Validate a Data Graph
Data graphs are validated by running a SPARQL query that lists the data graphs to validate and the shapes graphs to validate the data against. Depending on the type of query that you run, Graph Lakehouse returns tabular results or a validation graph that uses SHACL Validation Report Vocabulary to report on any conformance and constraint violations. This topic describes the validation query syntax and includes examples.
Validation Query Syntax
There are two modes in which you can run a validation query: query mode and report mode.
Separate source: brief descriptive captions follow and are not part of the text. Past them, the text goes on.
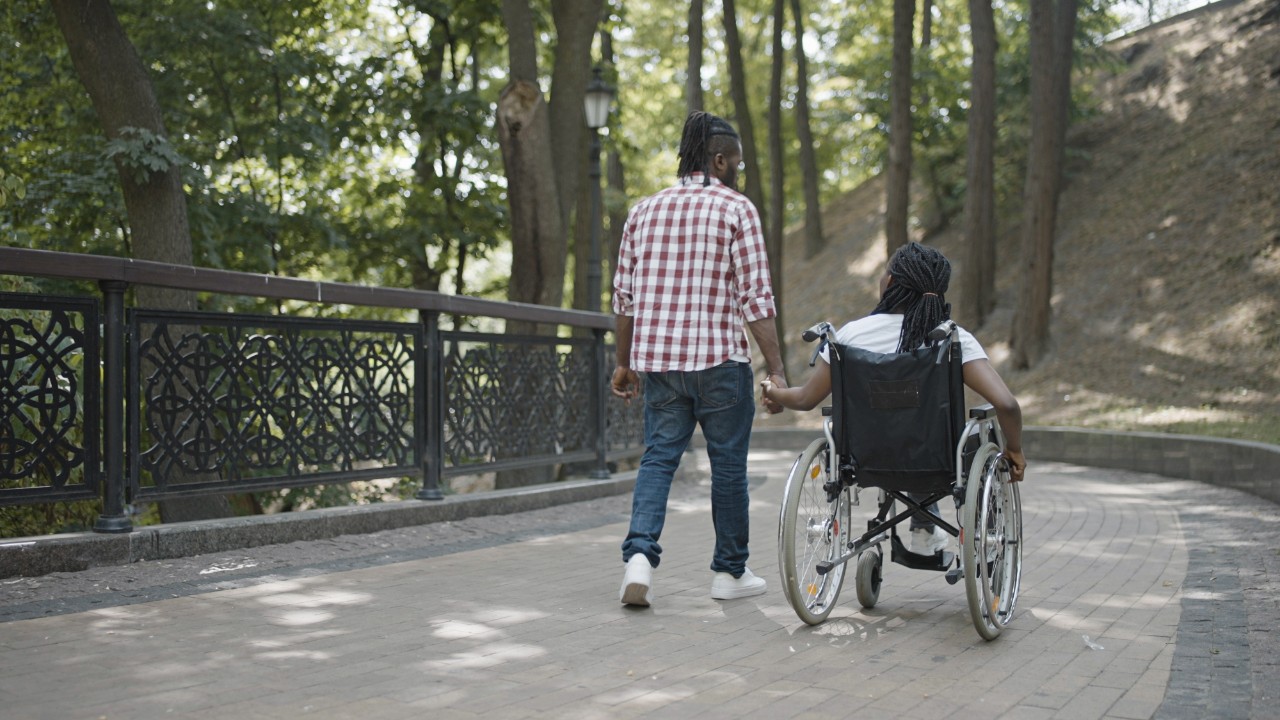 Man and Woman in Wheelchair going on a walk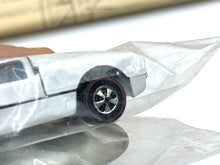 Load image into Gallery viewer, Detail close-up of another toy car in plastic packaging with detailed wheels.

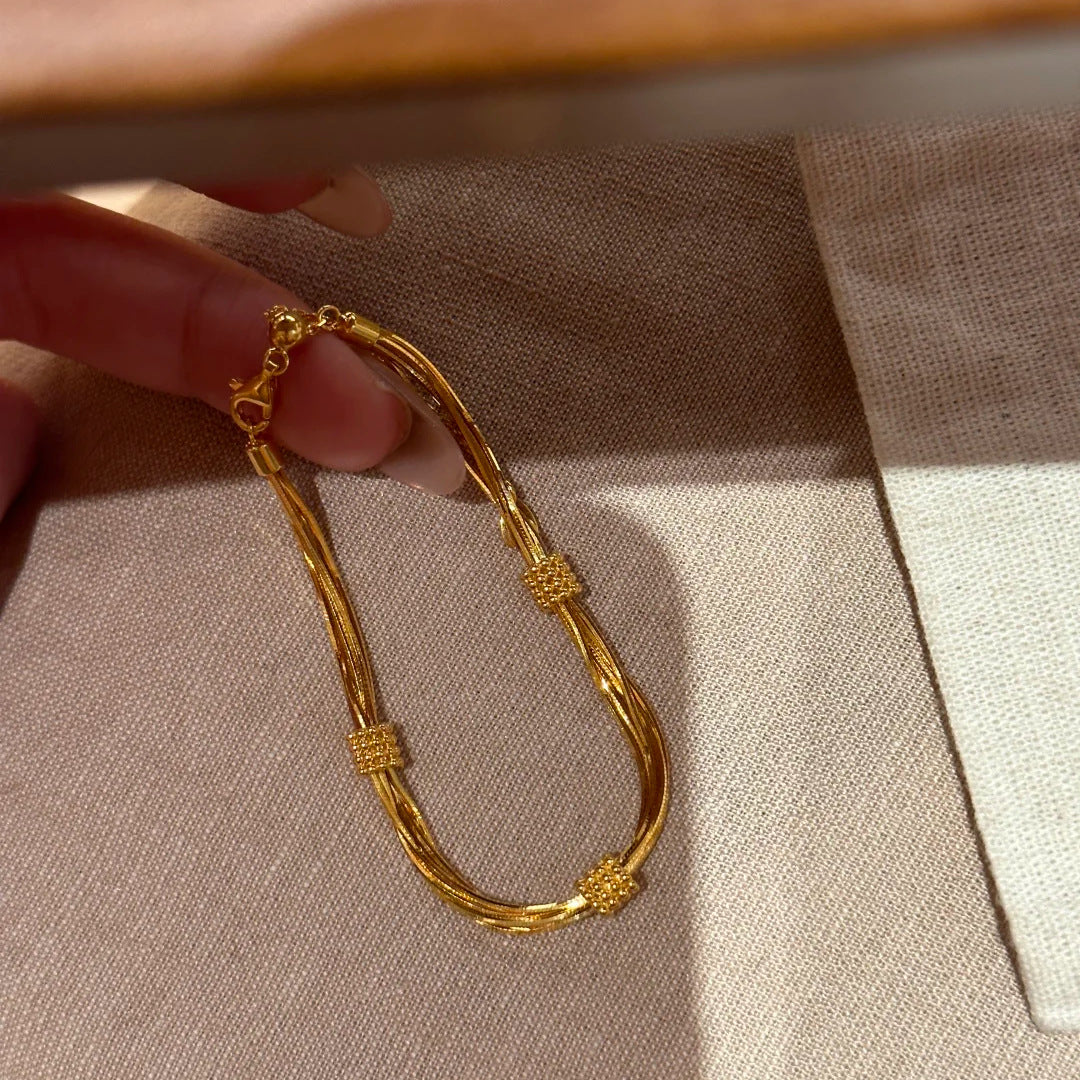 SBRAL17 - Gold Multi-Layered Snake Bone Bracelet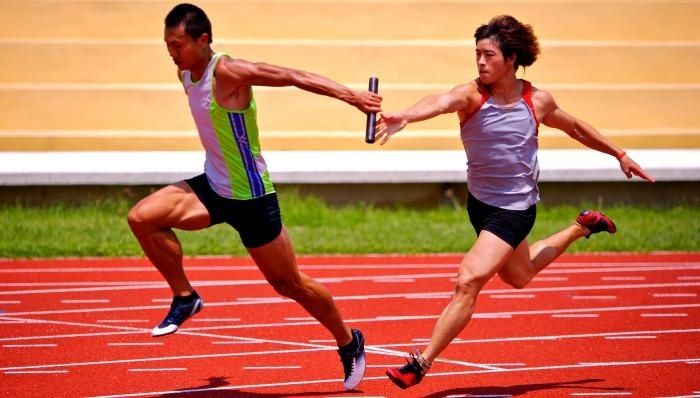 Two relay runners exchange a baton on a red track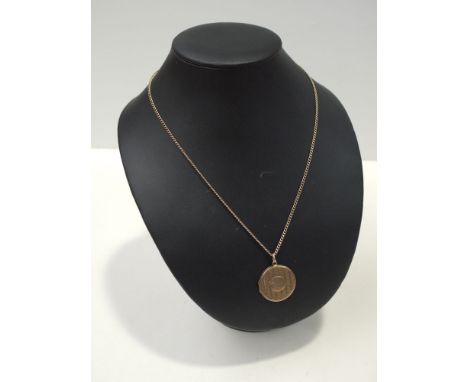 A 9ct. yellow gold circular locket pendant with engine turned decoration on a fine trace link chain, the clasps stamped 9ct.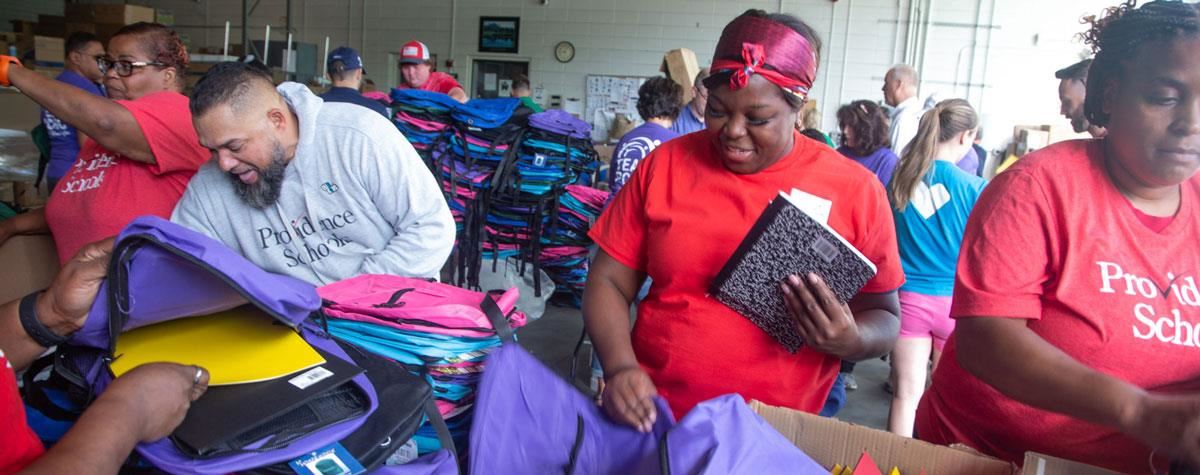 Volunteers at Back to School Celebration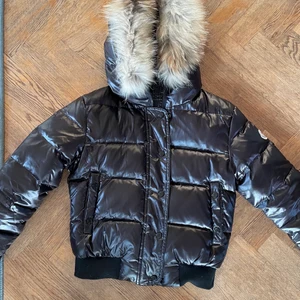 Moncler jacka st 2 - Mörkbrun moncler jacka med pälskrage. Knappt använd och mycket gott skick. Säljes pågrund av att den är förliten.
In query mode, tabular results are returned. If 0 results are returned in query mode, that means the data graphs conform to the shapes graphs. In report mode, results are inserted into a specified graph, and you query the graph to review the validation results. The syntax for each mode is described below.
Query Mode
PREFIX sh: <http://www.w3.org/ns/shacl#> PREFIX ... USING <shapes_graph_uri> [ <shapes_graph2_uri> ] [ ... ] VALIDATE <data_graph_uri> [ <data_graph2_uri> ] [ ... ]
For example:
PREFIX sh: <http://www.w3.org/ns/shacl#> PREFIX azg: <http://anzograph.com/> USING azg:personShapes VALIDATE azg:personData
Report Mode
PREFIX sh: <http://www.w3.org/ns/shacl#> PREFIX ... USING <shapes_graph_uri> [ <shapes_graph2_uri> ] [ ... ] VALIDATE <data_graph_uri> [ <data_graph2_uri> ] [ ... ] CREATE REPORT GRAPH <report_graph_uri>
For example:
PREFIX sh: <http://www.w3.org/ns/shacl#> PREFIX azg: <http://anzograph.com/> USING azg:personShapes VALIDATE azg:personData CREATE REPORT GRAPH azg:personReport
Validation Examples
Sample Data Graph
The examples below validate the data graph that is defined in the following INSERT query. The data is validated against the shapes graph example in Create a Shapes Graph.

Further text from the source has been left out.